Team Topologies
"Team Topologies: Organizing Business and Technology Teams for Fast Flow" by Matthew Skelton and Manuel Pais is a practical guide to organizational design and team dynamics for modern software development. Here's a summary of its key concepts and recommendations:
Conway's law
Any organization that designs a system (defined broadly) will produce a design whose structure is a copy of the organization's communication structure.
The strongest form of communication happens in an individual team working closely together with a very consistent shared context and specific purpose. In software this number is supposed to be 8 people. The importance of having long lived teams that are given enough time to get to a state of high performance and then stick together and capitalise on it.

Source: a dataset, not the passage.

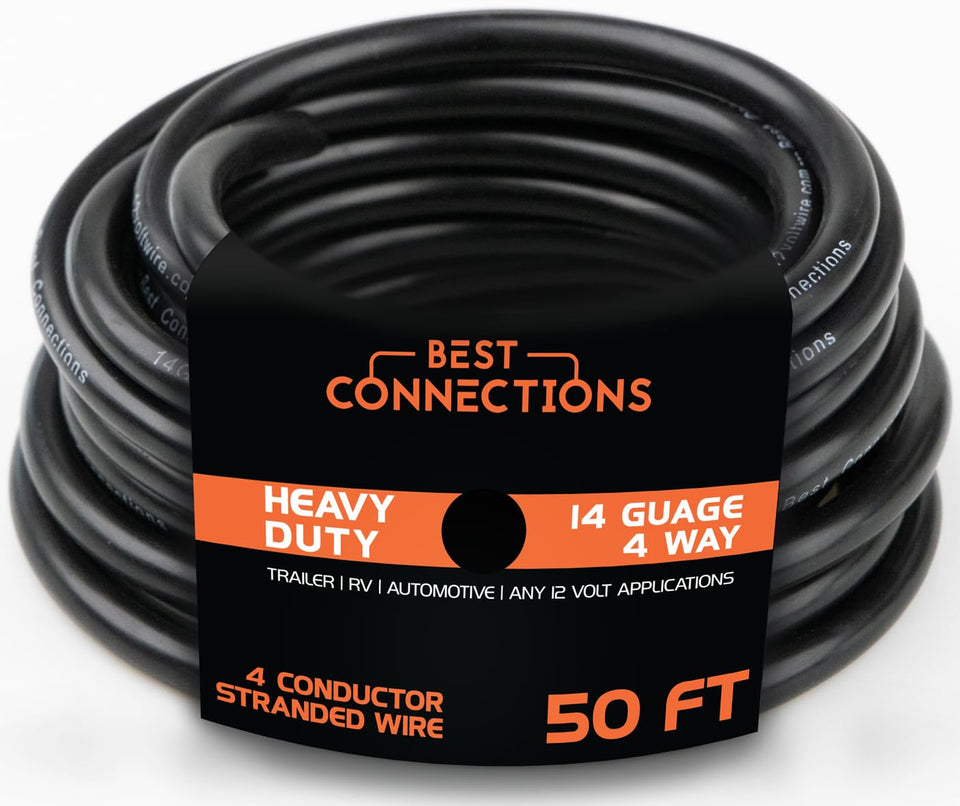 BEST CONNECTIONS 4Way trailer wire 50ft: durable, reliable trailer lighting.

- Tuckman team performance model (Forming, Storming, Norming, Performing)
Team Design Consideration: Minimising Team Handoffs, Queues, and Communication Overhead
You also need what the book calls “sensing” which is where an organisation possesses enough feedback mechanisms to ensure software and service quality is understood as early and clearly as possible.
Putting this in plainer terms, when you are thinking about team design and organisational structure, you need to consider how much collectively you are expecting the team to:
- know
- be able to perform
- be able to make effective decisions about
- be able to make brilliant.
Sure, giving as much ownership of a product or service as possible to one team avoids team boundaries, but it also increases the cognitive load on the team and potentially the minimum number of people needed in a team.
Influential Principles
- Amazon: Highlights the benefit of minimizing handoffs, queues, and communication.

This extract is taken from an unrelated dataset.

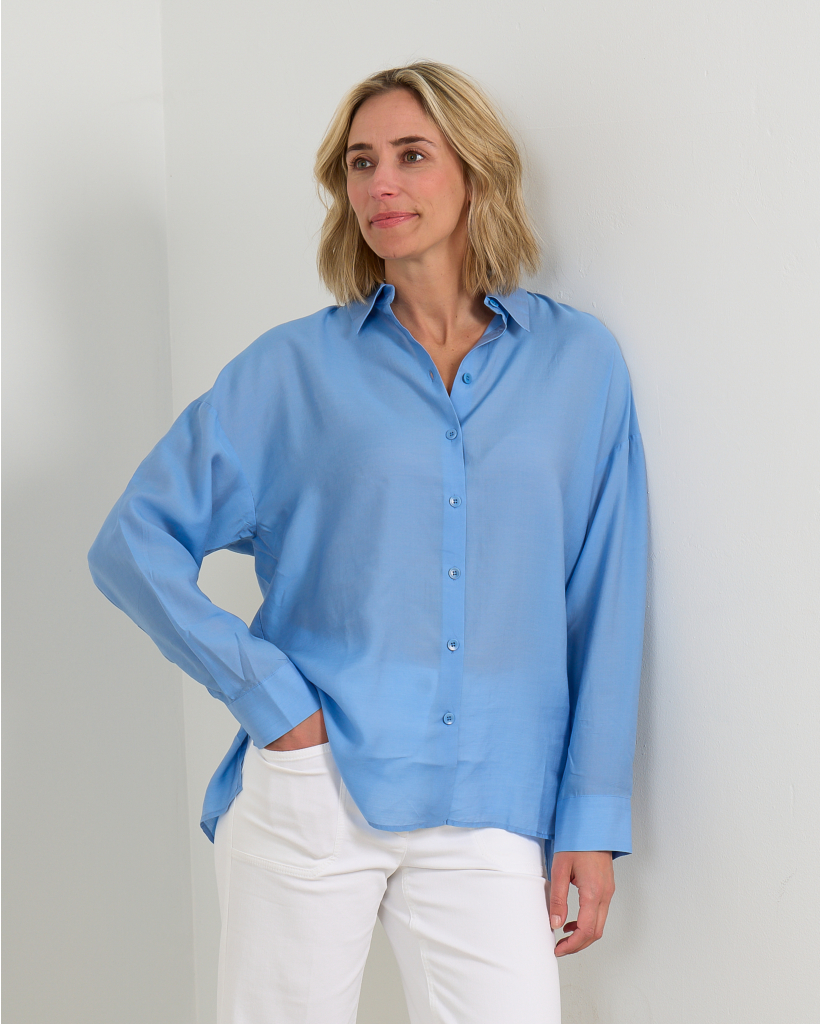 Ultra Light Silk Tencel Oversized Shirt Blue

- Sweller: Advises avoiding excessive cognitive load on teams.
- Dunbar: Suggests keeping teams to around eight people.
Picks from
- (Team topologies summary)[https://markosrendell.wordpress.com/2020/02/04/team-topologies-book-summary-part-1-of-3-key-concepts/]
The Four Team Types
- Stream-aligned team: Focused on a specific product or service and aligned with the flow of business value. They have end-to-end responsibility.
- Enabling team: Helps stream-aligned teams by providing expertise, knowledge, and support in areas such as infrastructure, tooling, and specialized practices.

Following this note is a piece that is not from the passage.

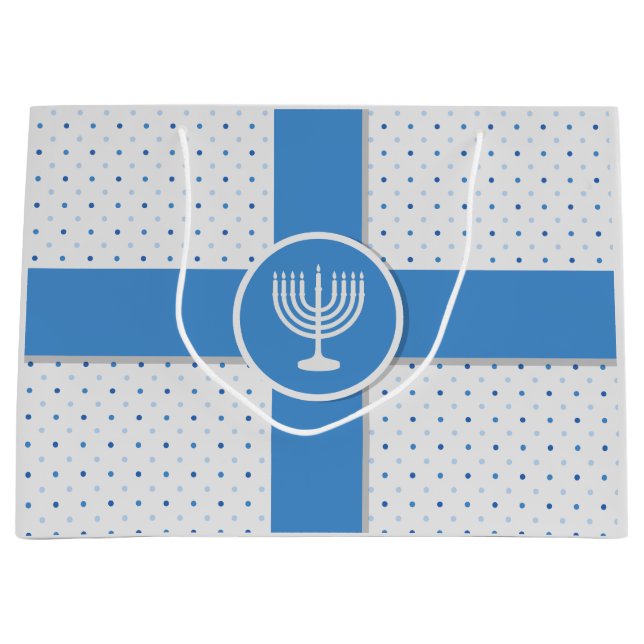 Hanukkah Polka Dot Wrapped Gift Große Geschenktüte (Vorderseite)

- Complicated subsystem team: Responsible for areas requiring deep technical expertise and focus, often parts of the system that are too complex to be handled by stream-aligned teams.
- Platform team: Provides internal services and tooling that streamline the work of stream-aligned teams, enabling them to deliver value faster and more efficiently.
The Three Modes of Team Interaction
- Collaboration: Two teams work together on a shared goal, usually short-term.
- X-as-a-Service: One team provides a service to others, facilitating clear expectations and a reliable interface.
- Facilitating: One team supports another to enhance capabilities or adopt new technologies, often short-term.